Exercise requirements: Below are entries with pictures in them. Output exactly the lines starting at the line with "Paramecium protozoa (papučica)." and ending at the line with "Liposuction in women at The Venkat Center", both included, but not the pictures.

Data records:
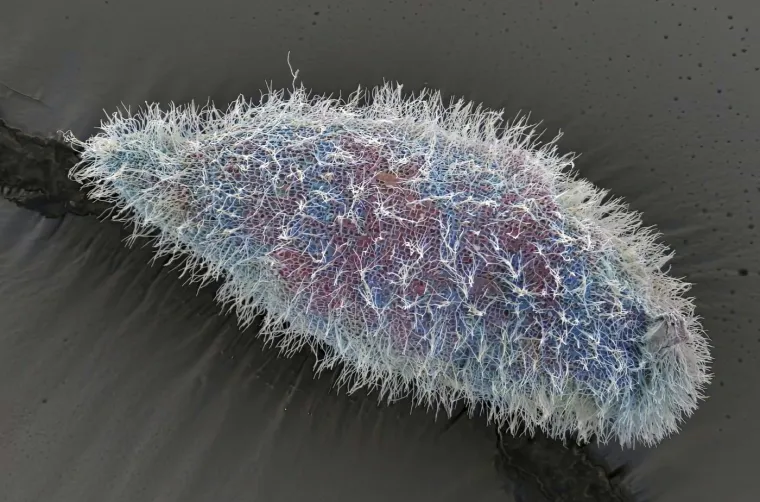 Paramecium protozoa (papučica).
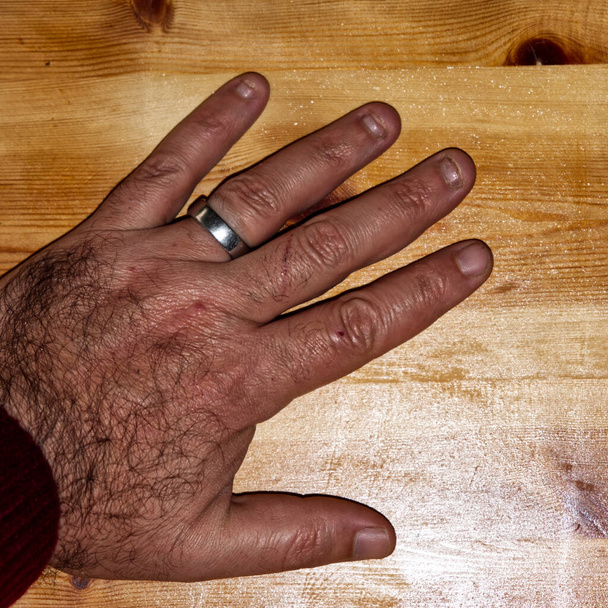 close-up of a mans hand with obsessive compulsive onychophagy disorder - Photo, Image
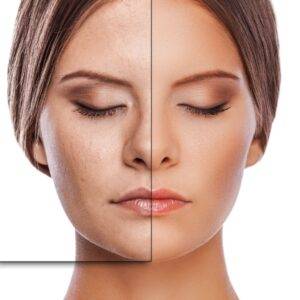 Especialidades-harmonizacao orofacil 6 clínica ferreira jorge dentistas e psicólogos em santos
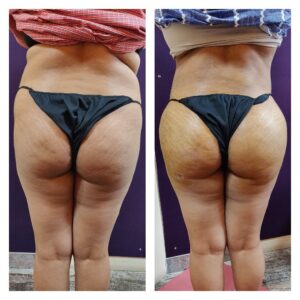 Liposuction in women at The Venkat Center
==
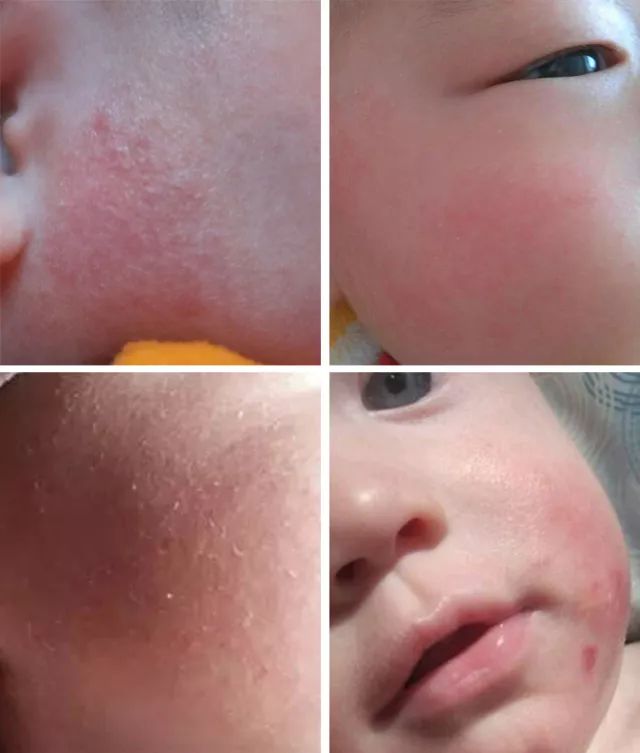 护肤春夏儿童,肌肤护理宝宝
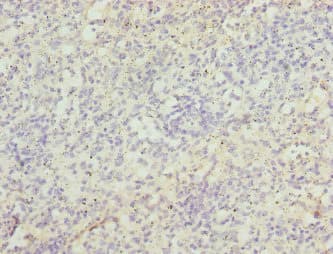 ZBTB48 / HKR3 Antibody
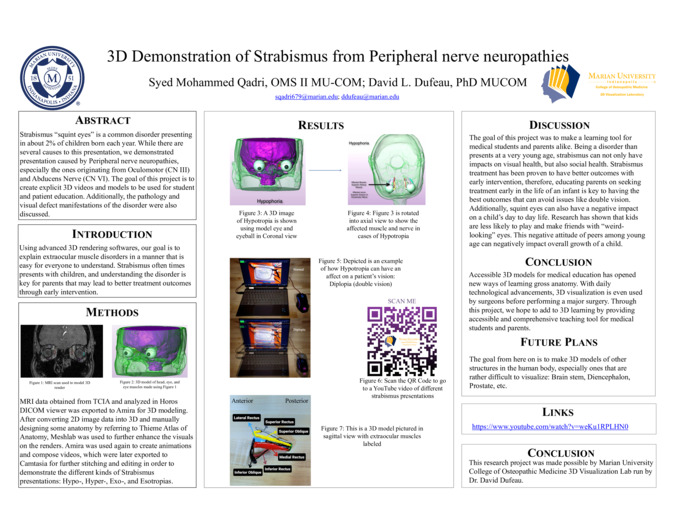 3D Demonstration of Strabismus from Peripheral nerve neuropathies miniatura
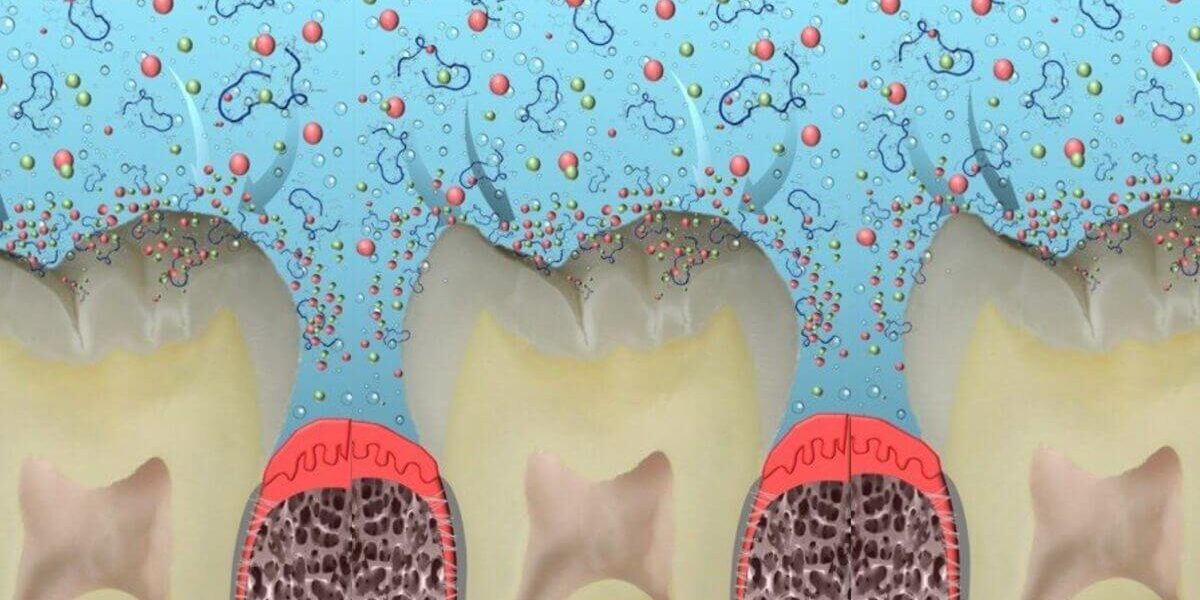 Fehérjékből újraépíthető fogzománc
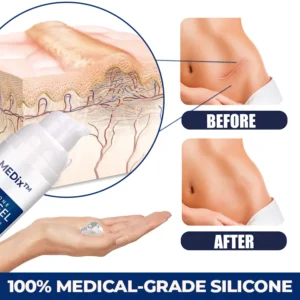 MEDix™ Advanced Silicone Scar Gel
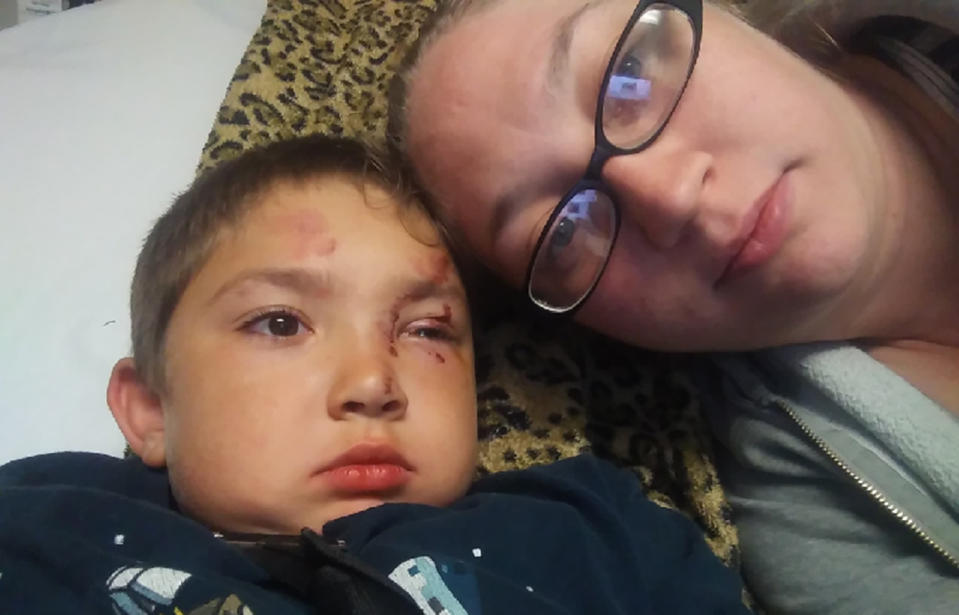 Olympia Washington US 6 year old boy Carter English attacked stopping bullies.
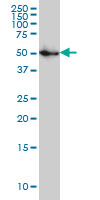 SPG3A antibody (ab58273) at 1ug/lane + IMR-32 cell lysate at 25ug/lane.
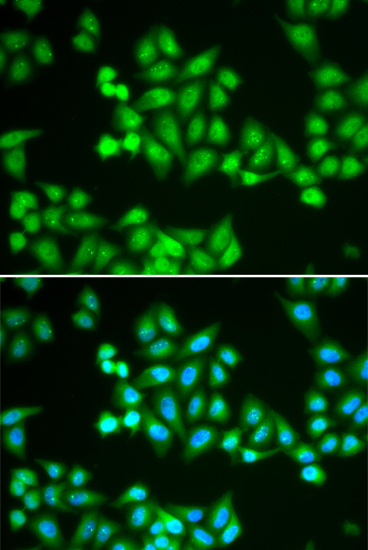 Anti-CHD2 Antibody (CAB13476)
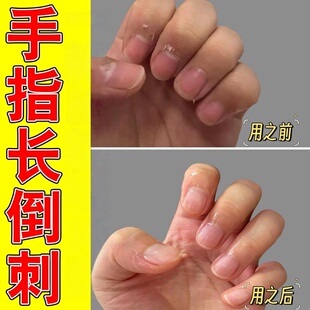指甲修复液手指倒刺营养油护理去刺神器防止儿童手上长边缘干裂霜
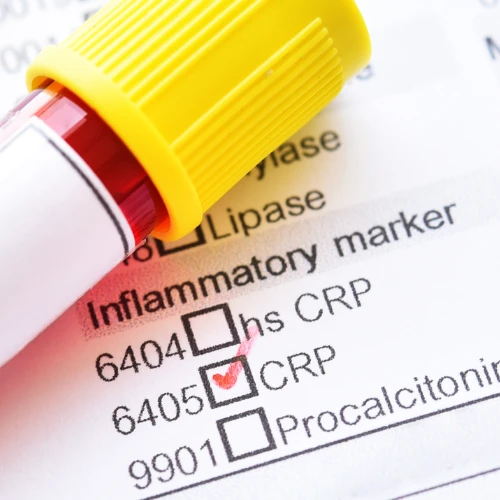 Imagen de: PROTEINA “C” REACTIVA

Final answer:
 Paramecium protozoa (papučica).
 close-up of a mans hand with obsessive compulsive onychophagy disorder - Photo, Image
 Especialidades-harmonizacao orofacil 6 clínica ferreira jorge dentistas e psicólogos em santos
 Liposuction in women at The Venkat Center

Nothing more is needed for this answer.